Tuesday, July 24, 2012

KC Fringe "Skillet Tag" review by Detailer

Skillet Tag Entertaining
Rating: 3

Skillet Tag
KC Fringe Festival

Overall, this is well done.  It is a satire on corporate team-building, HR, and related legal issues.  The theme is well-conceived and the resolution is very satisfying.

The humor gives a little something for everyone, and yet each style feels appropriate for the moment.  There are verbal puns, clever zingers, facial expressions, sight gags, physical stunts, sex jokes (both innuendo and right out there), and sophomoric silliness.  The execution of some of the physical humor is sometimes forced and predictable, but I suspect that is due to limited rehearsal time in the space.

As its title suggests, skillet props are essential.  The choice of skillet styles fit each character's personality.  One character found a unique way to carry her skillet.  It would be fun to see the show after more rehearsal would allow them to explore different ways of using and handling their skillets.

Performance standouts are Aurelie Roque as the lawyer, Laura Jacobs as the drinker, Matt Leonard as the boss, and J. Will Fritz as the IT guy.  Laura starts the show with a high bar, as she commands the stage and my attention for quite a while without saying a word.  I immediately knew a great deal about her character, and cared.  Her nonverbal bits of business keep every moment interesting.  Aurelie also nails her character immediately and earns my respect from the top.   Her facial expressions as reactions draw laughs every time.  Matt exudes the confidence his character needs, and Will's appeal makes me care about him immediately.  All four actors create characters who are distinct, and whose actions and words seem true to those characters.  They seem real and honest within the craziness of satire.

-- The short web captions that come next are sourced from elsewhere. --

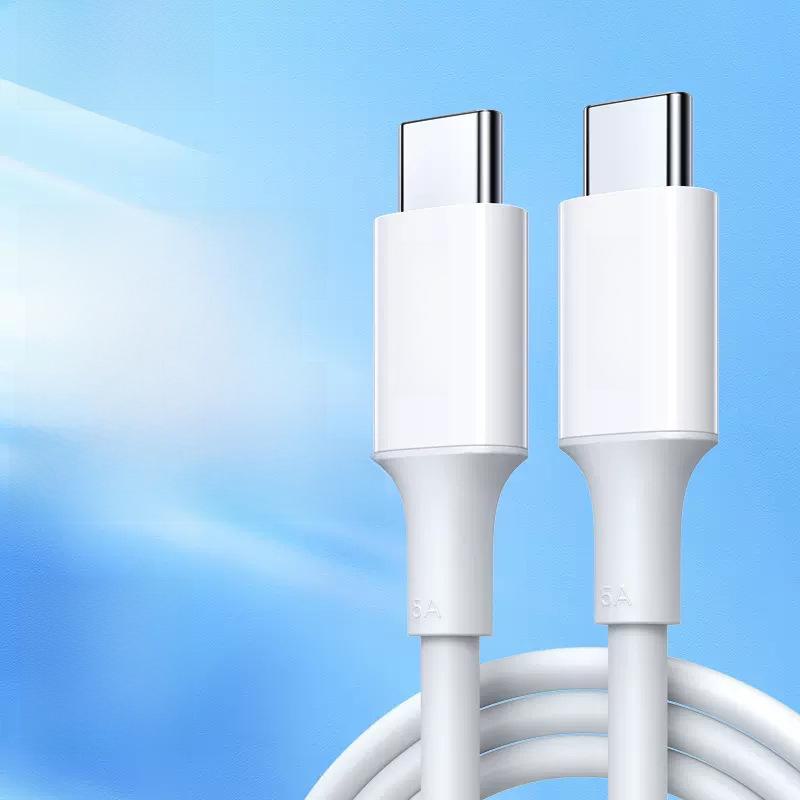 

UGREEN Green Link PD100W Fast-Charging USB-C Cable for iPhone 15 and MacBook 0.5m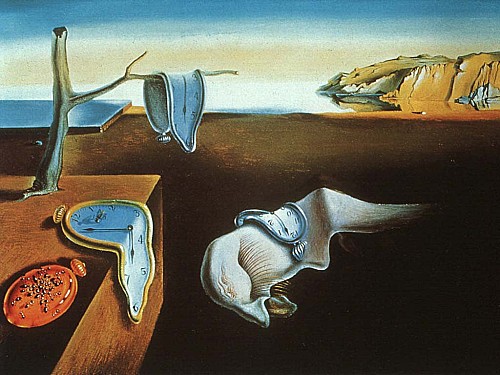 Montres molles Dali
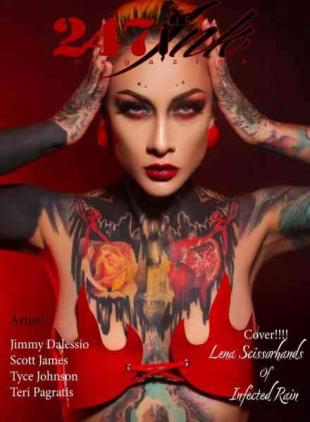 247 Ink Magazine - Issue 18 April 2025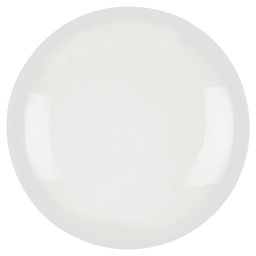 1-1/4" Tranquility Cabinet Knob, White Alt 1 - Image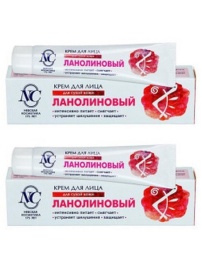 Н/К Крем д/лица Ланолиновый 40мл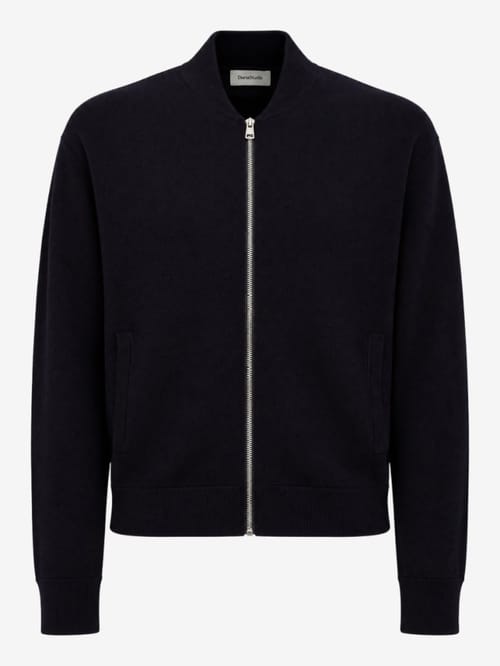 DIANA STUDIO: Merino knit cardigan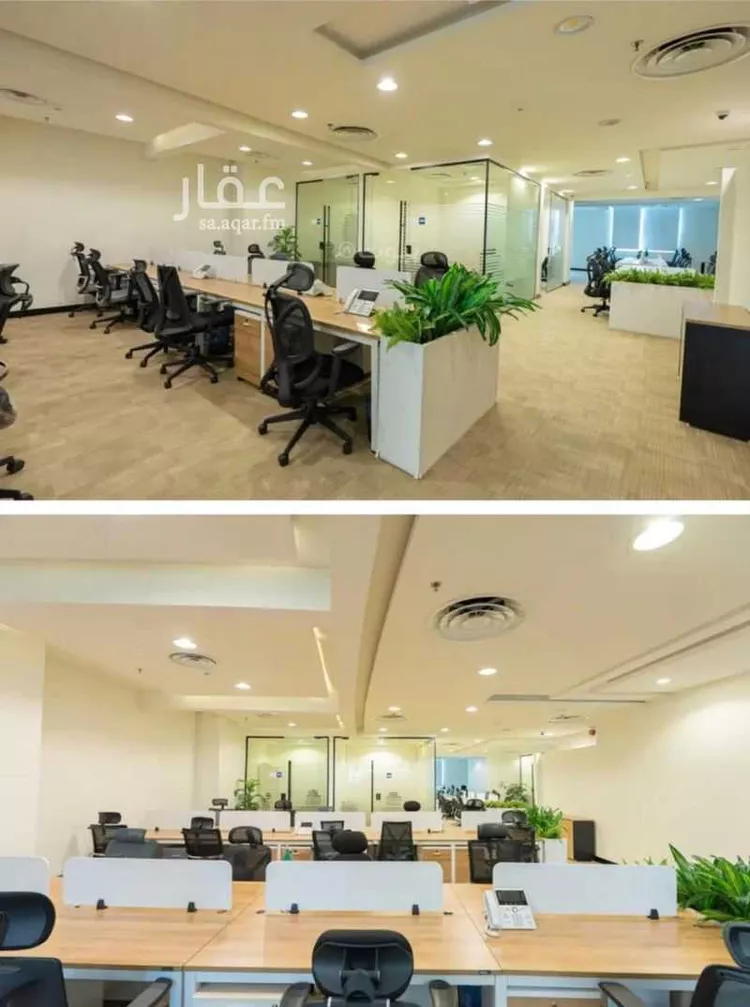 Commercial Office for Rent in Riyadh Al Mohammadiyah 8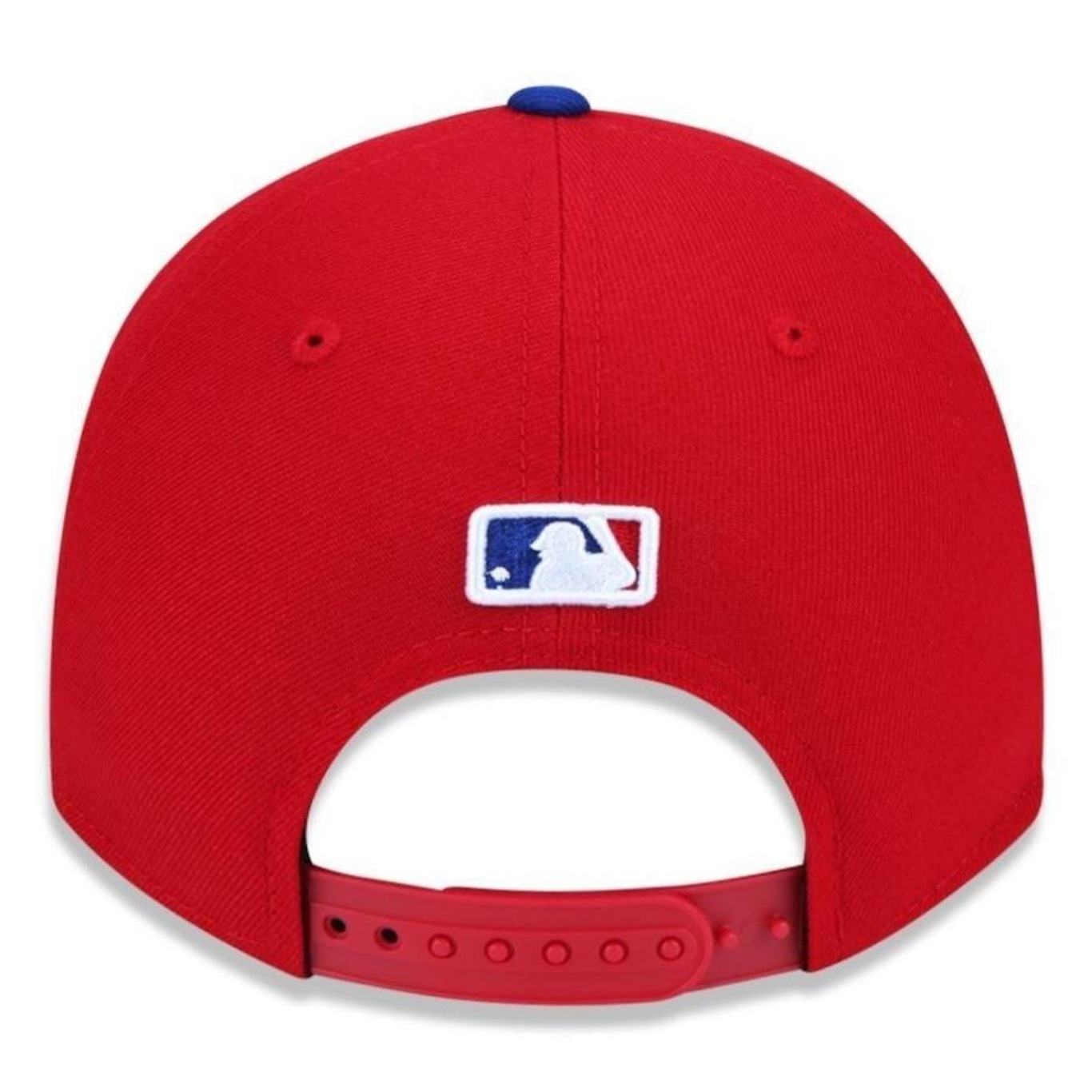 Boné New Era Philadelphia Phillies 940 Team Color - Snapback - Adulto - Foto 2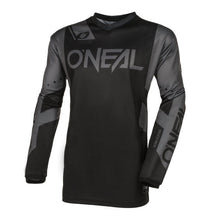 O'Neal 2024 ELEMENT Racewear Jersey - Black/Grey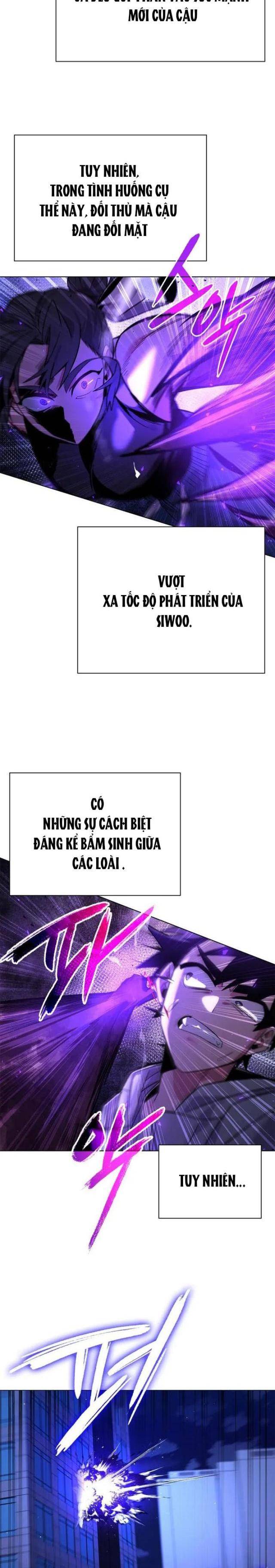 Đêm Của Yêu Tinh Chapter 21 - Trang 2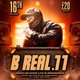 B_Real.11 - Live Show - Future Yard - All Ages Welcome Event Title Pic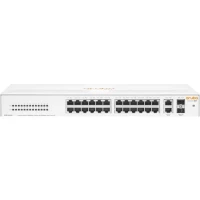 HPE Aruba Instant On 1430 8G Class4 PoE 64W Switch (R8R50A)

I disagree with Kenna's style as the secretary.  I did not think it fit with the others mentioned above.  Her delivery did not strike me as coming from inside the character.  I think the second part of the show might have more impact if she tones down her early scenes to a more natural level, to match those mentioned.  Later in the show her style is fun and appropriate.

The second part of the show is not as focused as the first.  Either the writing is not as tight or the lines are not as solid. The pacing and content are not quite as good as the earlier part of the production.  It is still entertaining and offers many fun moments right through the curtain call.

Which deserves a line by itself.  The curtain call is delightfully creative and fun.

This is a show I would enjoy seeing again after it has been workshopped and fully rehearsed in the performance space.

But in its present form it is worth seeing at the Fringe.